> On 1 Mar 2017, at 04:11, Nick Mathewson <nickm@xxxxxxxxxxxx> wrote: > > On Tue, Feb 28, 2017 at 6:42 AM, teor <teor2345@xxxxxxxxx> wrote: > > Hi, Tim! > > This looks pretty plausible to me. Do you have time to write up a > quick&dirty python function that actually performs the smoothing? Well, it's a function, but it's not pretty, because it needs to know all the consensus bandwidth values to find the percentile to do the smoothing. > If > so, I can test it out on the January consensuses and measure the > impact on compressed diff sizes. To generate a list of bandwidths, run: cat cached-microdesc-consensus | grep ^w | cut -d= -f2 | cut -d" " -f1 > bandwidth_list To generate a list of pairs: bandwidth rounded_bandwidth Run: ./bwround.py bandwidth_list There's an alternative scheme available in the script, to use it, comment out the line: rounding_configs = excess_rounding (The alternative scheme rounds the 99th percentile to 2 significant figures rather than 3.) I'd be interested in how each scheme performs.
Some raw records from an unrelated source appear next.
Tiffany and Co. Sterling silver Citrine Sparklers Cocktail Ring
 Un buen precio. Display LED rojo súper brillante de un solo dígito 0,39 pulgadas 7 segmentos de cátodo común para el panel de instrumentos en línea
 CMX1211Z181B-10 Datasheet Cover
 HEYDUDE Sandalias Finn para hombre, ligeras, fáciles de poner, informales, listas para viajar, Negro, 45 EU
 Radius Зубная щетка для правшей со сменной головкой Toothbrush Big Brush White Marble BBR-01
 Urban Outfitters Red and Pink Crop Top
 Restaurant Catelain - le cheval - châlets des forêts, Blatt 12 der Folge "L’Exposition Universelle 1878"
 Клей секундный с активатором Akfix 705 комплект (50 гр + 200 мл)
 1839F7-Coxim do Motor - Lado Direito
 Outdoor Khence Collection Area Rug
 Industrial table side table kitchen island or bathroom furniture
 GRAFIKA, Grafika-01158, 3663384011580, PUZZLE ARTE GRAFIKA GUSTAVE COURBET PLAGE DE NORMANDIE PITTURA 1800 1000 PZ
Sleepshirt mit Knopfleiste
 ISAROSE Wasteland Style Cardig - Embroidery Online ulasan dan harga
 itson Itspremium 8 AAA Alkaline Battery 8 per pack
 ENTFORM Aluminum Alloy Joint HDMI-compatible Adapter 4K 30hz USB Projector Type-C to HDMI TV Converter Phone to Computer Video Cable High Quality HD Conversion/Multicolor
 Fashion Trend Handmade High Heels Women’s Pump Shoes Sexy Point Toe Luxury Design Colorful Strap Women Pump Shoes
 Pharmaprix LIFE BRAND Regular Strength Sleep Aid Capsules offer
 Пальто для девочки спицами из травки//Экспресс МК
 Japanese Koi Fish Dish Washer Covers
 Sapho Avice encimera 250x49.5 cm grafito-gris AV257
T -- Tim Wilson-Brown (teor) teor2345 at gmail dot com PGP C855 6CED 5D90 A0C5 29F6 4D43 450C BA7F 968F 094B ricochet:ekmygaiu4rzgsk6n xmpp: teor at torproject dot org ------------------------------------------------------------------------
#!/usr/bin/python
import math
import bisect
import sys
# define error functions and midpoint functions
def error_ratio(mid, minmax):
'''The ratio between the rounded value and the actual value
| n / r(n) - 1 |
'''
return abs(minmax / mid - 1.0)
def mid_min_error_ratio(l, h):
'''Minimise the ratio between the rounded value and the actual value
'''
# if low is 0, map everything to 0
if l == 0.0:
return h
return math.sqrt(l * h)
def error_difference(mid, minmax):
'''The difference between the rounded value and the actual value
| n - r(n) |
'''
return abs(minmax - mid)
def mid_min_difference(l, h):
'''Minimise difference between the rounded value and the actual value
'''
return (l + h)/2.0
# define rounding table generation functions
def rounding_table(precision, geometric = True,
low = None, high = None, values = None):
'''Create a table of geometric rounding values
The number of distinct values is the same as that used to round to
precision significant digits, or 9*10**(precision - 1)
'''
# we effectively round to a number of values corresponding to 'precision'
# significant digits, but we need an extra digit of precision to accurately
# capture the values around the low end
precision += 1.0
if low is None:
low = math.pow(10.0, precision - 1.0)
else:
low = float(low)
if high is None:
high = low*10.0
else:
high = float(high)
# Create the same number of values as there are in the existing scheme
# (an appropriate midpoint function should be used to choose whether to
# round to the lower or higher value)
if values is None:
values = int((high - low) / 10.0)
else:
values = int(values)
assert values > 0
bounds = [low, high]
scale = (high-low)/values
if values == 1:
# use the values supplied: high is the lower bound of the next table
bounds = [int(low), int(high)]
elif not geometric:
# alternative implementation: increase the values linerly between low
# and high
bounds = range(int(low), int(high)+1, scale)
else:
# increase the values geometrically between low and high
step = math.pow(high/low, 1.0/values)
#print step
next = low/scale
bounds = []
while next <= (high/scale + 1.0):
bounds.append(next)
next *= step
# round each bound to the nearest integer
bounds = [int(round(b*scale, 0)) for b in bounds]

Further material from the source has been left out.